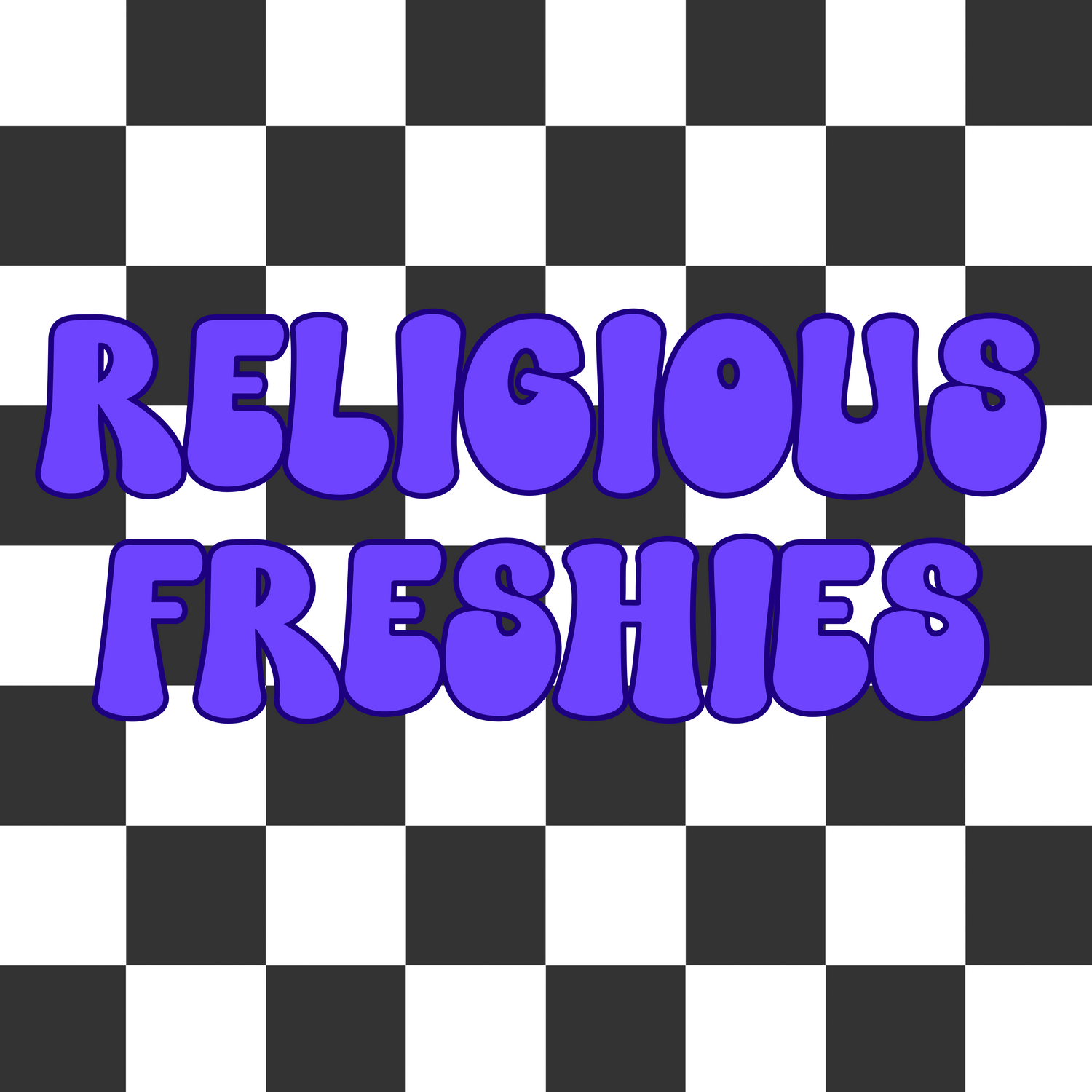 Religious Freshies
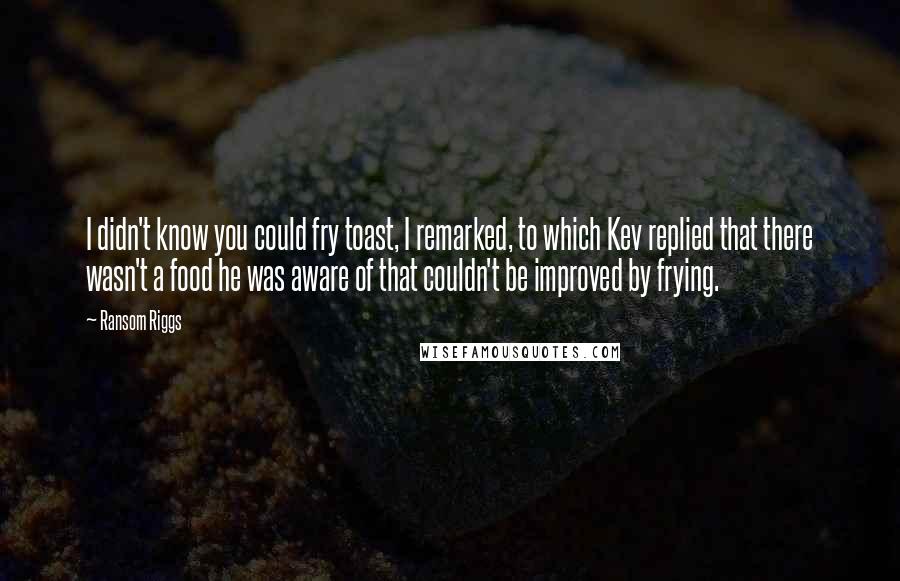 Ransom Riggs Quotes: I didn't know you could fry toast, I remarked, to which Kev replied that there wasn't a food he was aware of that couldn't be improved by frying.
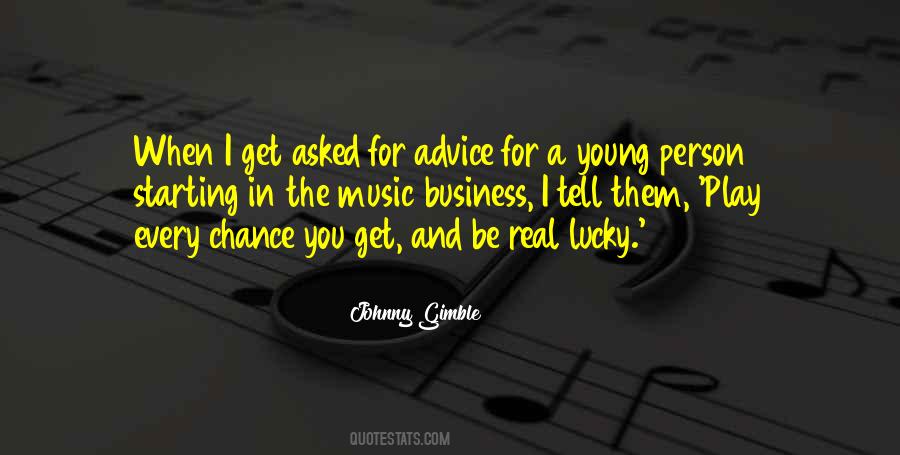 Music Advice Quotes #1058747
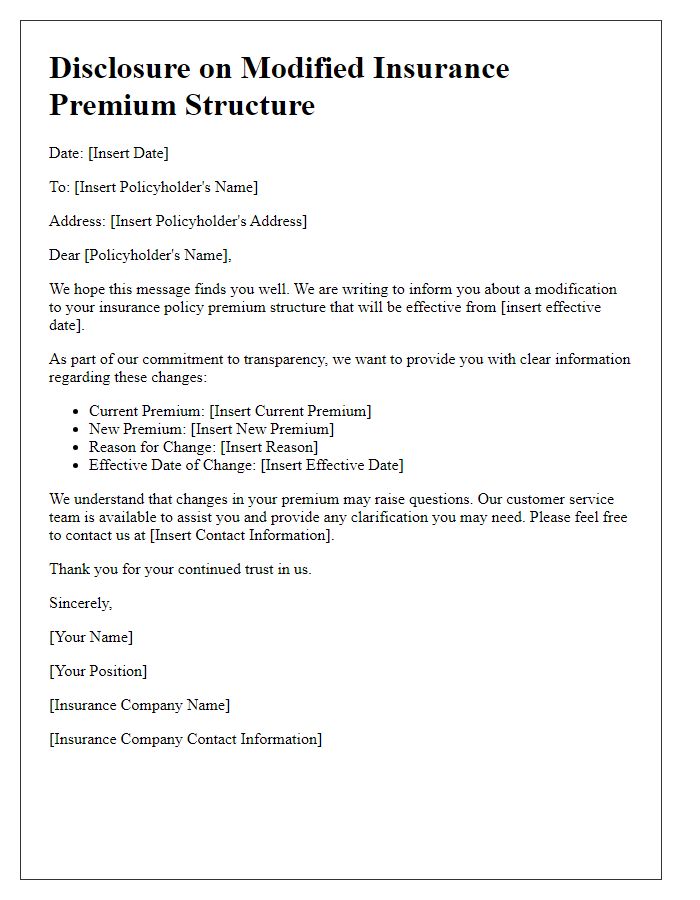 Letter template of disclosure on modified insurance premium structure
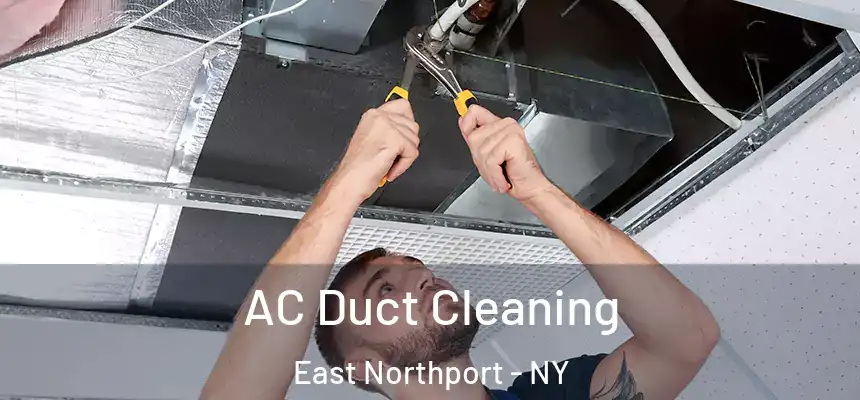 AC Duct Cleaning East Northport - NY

::::

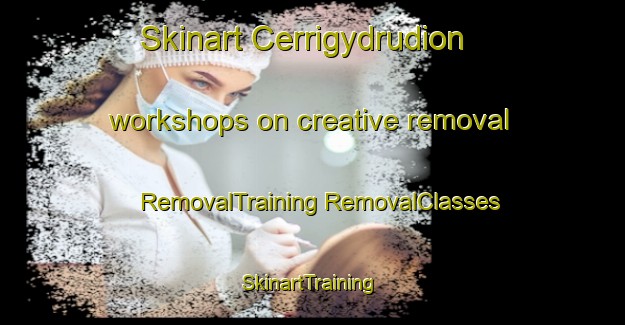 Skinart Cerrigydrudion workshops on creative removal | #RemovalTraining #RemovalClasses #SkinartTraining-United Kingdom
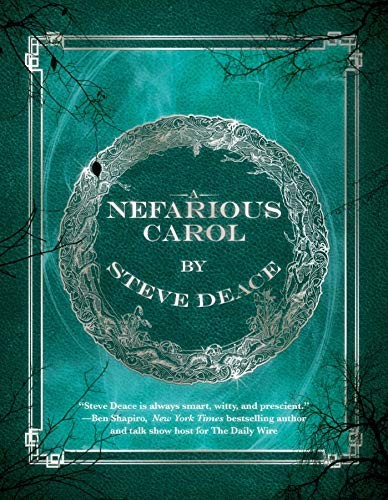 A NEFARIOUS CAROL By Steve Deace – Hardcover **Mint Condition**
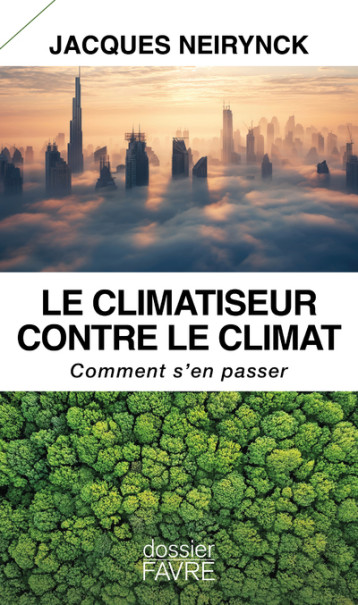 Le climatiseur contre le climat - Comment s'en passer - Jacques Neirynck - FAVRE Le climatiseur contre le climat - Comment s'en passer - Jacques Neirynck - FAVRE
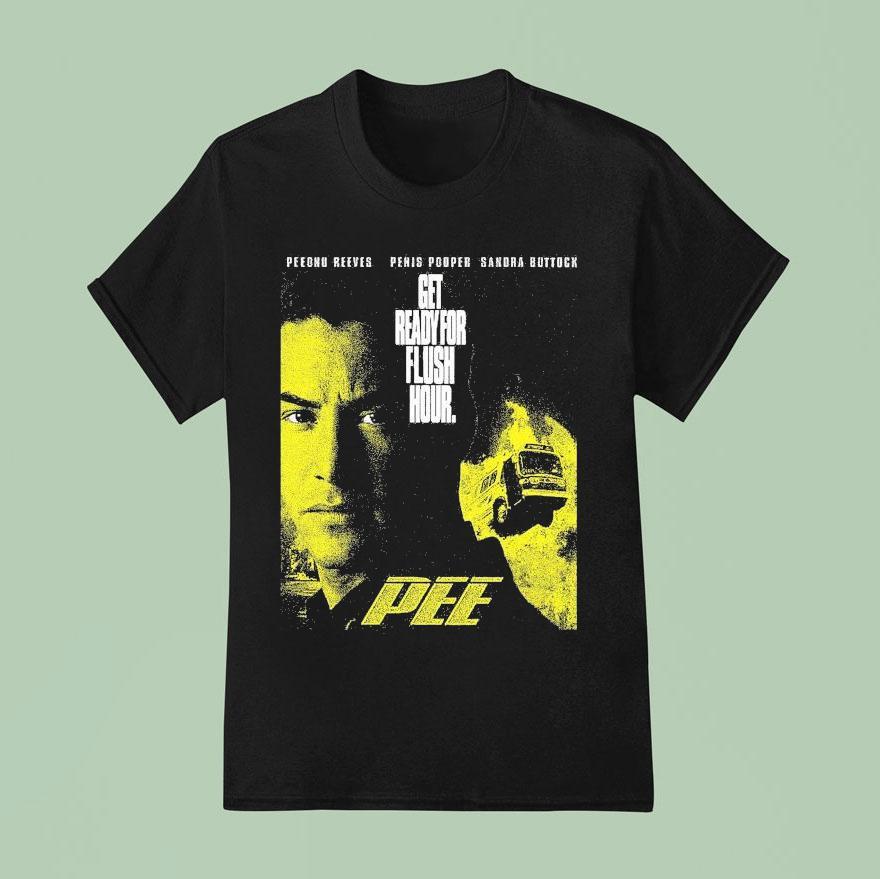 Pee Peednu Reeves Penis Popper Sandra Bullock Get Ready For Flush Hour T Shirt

::::

Problem statement
Repeat exactly, and only, the entries from the line with "Ransom Riggs Quotes: I" through the line with "AC Duct Cleaning East Northport - NY". Pictures are skipped.

Response to the exercise
 Ransom Riggs Quotes: I didn't know you could fry toast, I remarked, to which Kev replied that there wasn't a food he was aware of that couldn't be improved by frying.
 Music Advice Quotes #1058747
 Letter template of disclosure on modified insurance premium structure
 AC Duct Cleaning East Northport - NY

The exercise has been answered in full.